Lo Sportello Unico Doganale a Ravenna è realtà

La completa digitalizzazione del processo di sdoganamento delle merci, un processo complesso ed articolato che coinvolge numerosi soggetti facenti capo a differenti Amministrazioni, sta per diventare la prassi in uso negli aeroporti e nei porti italiani, primo tra tutti quello di Ravenna dove la sperimentazione è già stata avviata con successo.

Dal 12 febbraio scorso, infatti, è operativa nello scalo ravennate questa nuova procedura che consente di abbattere drasticamente i tempi di attesa per lo svincolo delle merci e di ridurre i costi sopportati dagli operatori chiamati finora a fornire più volte alle diverse Amministrazioni le medesime informazioni.

Sicuramente una impresa non facile quella di “sintonizzare” tutte le componenti di un sistema sofisticato; basti pensare che le norme vigenti prevedono per lo sdoganamento fino a 68 diversi certificati/nulla osta, il cui rilascio compete a 18 differenti Amministrazioni o Enti.
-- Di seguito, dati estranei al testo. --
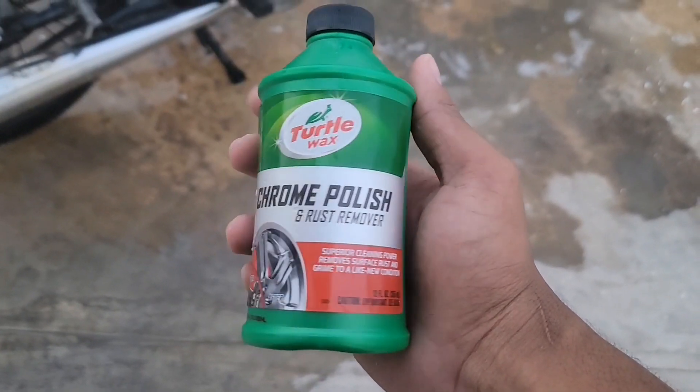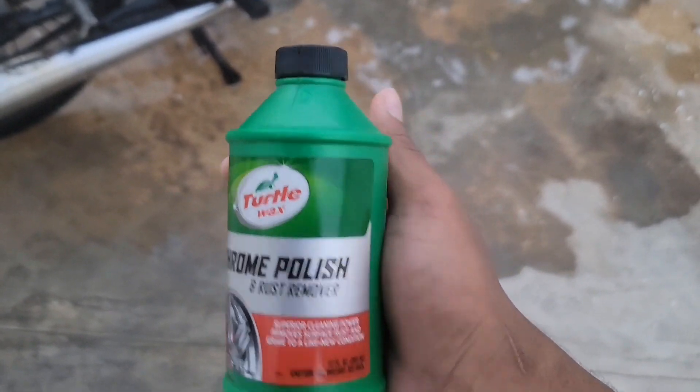This is just like a thick paste that once you clean your whole motorcycle and you put this paste on a dry area and you rub it in, it just takes the rust out. It leaves your chrome polish and looking great.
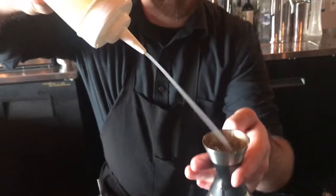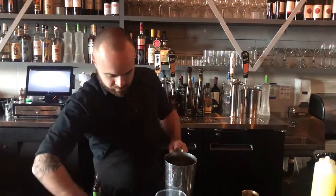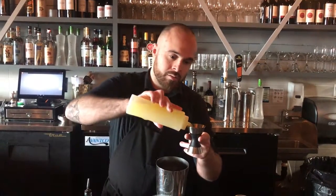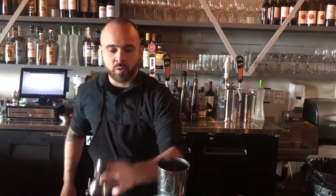Next, fresh lemon, three quarters of an ounce. Thai chili simple, house made, half an ounce. Fresh egg whites, three quarters of an ounce.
L’Agenzia delle Dogane, che ha promosso sia la norma istitutiva sia il modello operativo, ha perseguito con tenacia l’obiettivo pienamente consapevole delle potenzialità di una simile innovazione in termini di competitività del Paese, di maggiore efficacia dei  controlli, di ottimizzazione dei tempi, di sinergia dei servizi e di semplificazione amministrativa.
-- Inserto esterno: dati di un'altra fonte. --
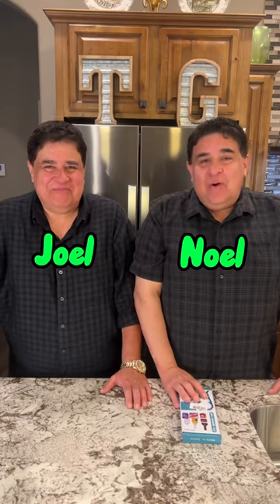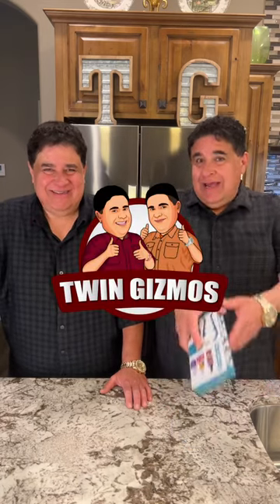Hey guys, I'm Noah. And I'm Noah. And welcome to Twin Gizmos, where we shine light on cool gadgets.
Il porto di Ravenna è stato individuato come ufficio pilota in ragione dei volumi e delle tipologie di merci movimentate. Dai  primi risultati sono emerse utili indicazioni per la messa a punto del sistema che verrà a breve esteso anche al Porto di Civitavecchia e successivamente agli altri scali.
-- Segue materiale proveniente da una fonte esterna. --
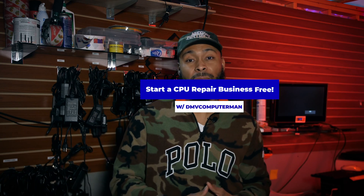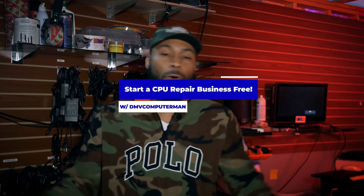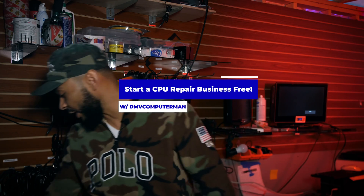What's up y'all, it's your boy Dan V Computer Man. I'm back with another video, and this time I'm gonna show you how to start your own computer repair business with zero dollars — no money down. All you need is two flash drives, and we're gonna show you how to do this. 90% of the computer repairs in this business are done with just this.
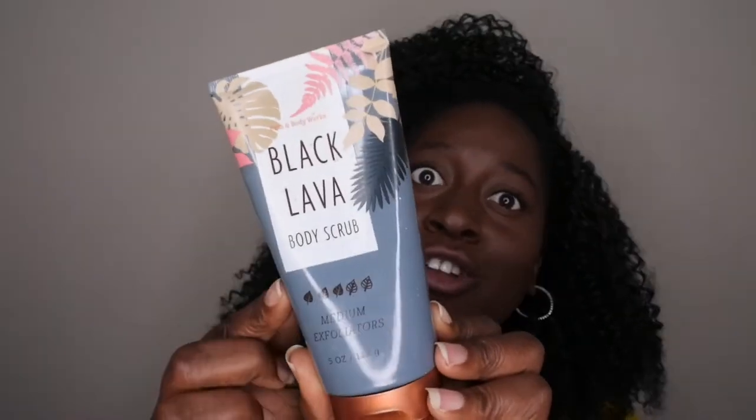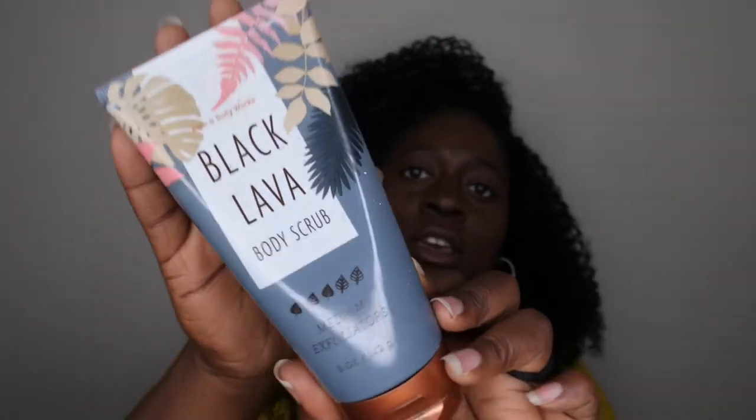Let me show you all the packaging again — I think it's really cute. It's this nice dark charcoal gray color along with some little tropical-looking leaves. It's really sleek. I like it with the gold lid.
Sportello_unico_doganale“Abbiamo deciso di mettere al centro dell’attenzione il processo di business sia degli operatori sia delle Amministrazione cui competono i controlli” – ha dichiarato Teresa Alvaro, Direttore Centrale Tecnologie per l’Innovazione dell’Agenzia delle Dogane e dei Monopoli – “in quanto si determinano sostanziali semplificazioni se e solo se si riduce il grado di incertezza rispetto a ciò che ognuno deve fare”. “Grazie all’importante gioco di squadra realizzato tra Autorità Portuale, Agenzia delle Dogane e dei Monopoli ed operatori tutti del Porto di Ravenna – afferma il Presidente dell’Autorità Portuale di Ravenna, Galliano Di Marco – è stato possibile traguardare uno dei principali, più importanti ed ambiziosi obiettivi che il settore si è dato al fine di aumentare efficienza ed efficacia dei servizi nei nostri porti. Al porto di Ravenna saremo presto a regime con la completa operatività dello Sportello Unico Doganale nella sua forma compiuta. A questo corrispondono controlli più selettivi, un significativo risparmio di tempo ed una maggiore facilità nella compilazione e presentazione delle dichiarazioni, che avverranno attraverso un portale interattivo grazie al quale, tra le altre cose, gli operatori potranno seguire in tempo reale la propria procedura di svincolo della merce. Come è stato detto appena qualche giorno fa dal Presidente del Consiglio Nazionale degli Spedizionieri Doganali, riuscire a migliorare le singole fasi di procedure di commercio internazionale così complesse, potrà contribuire ad un parziale recupero dei traffici in fuga dal nostro Paese con un beneficio derivante dall’aumento del volume complessivo delle entrate sia a favore dello Stato che del settore privato. Merito di questo è riconducibile al grande sforzo organizzativo dell’Agenzia delle Dogane e dei Monopoli ed al ruolo di coordinamento sostenuto dall’Ufficio delle Dogane di Ravenna, troppo spesso ritenuto responsabile, a torto, del problema dello sdoganamento non efficiente delle merci. Solo grazie all’attività svolta negli ultimi mesi da questo Ufficio è stato possibile raggiungere questi primi importantissimi risultati, i cui effetti si vedranno già nei prossimi mesi e saranno duraturi nel tempo.”.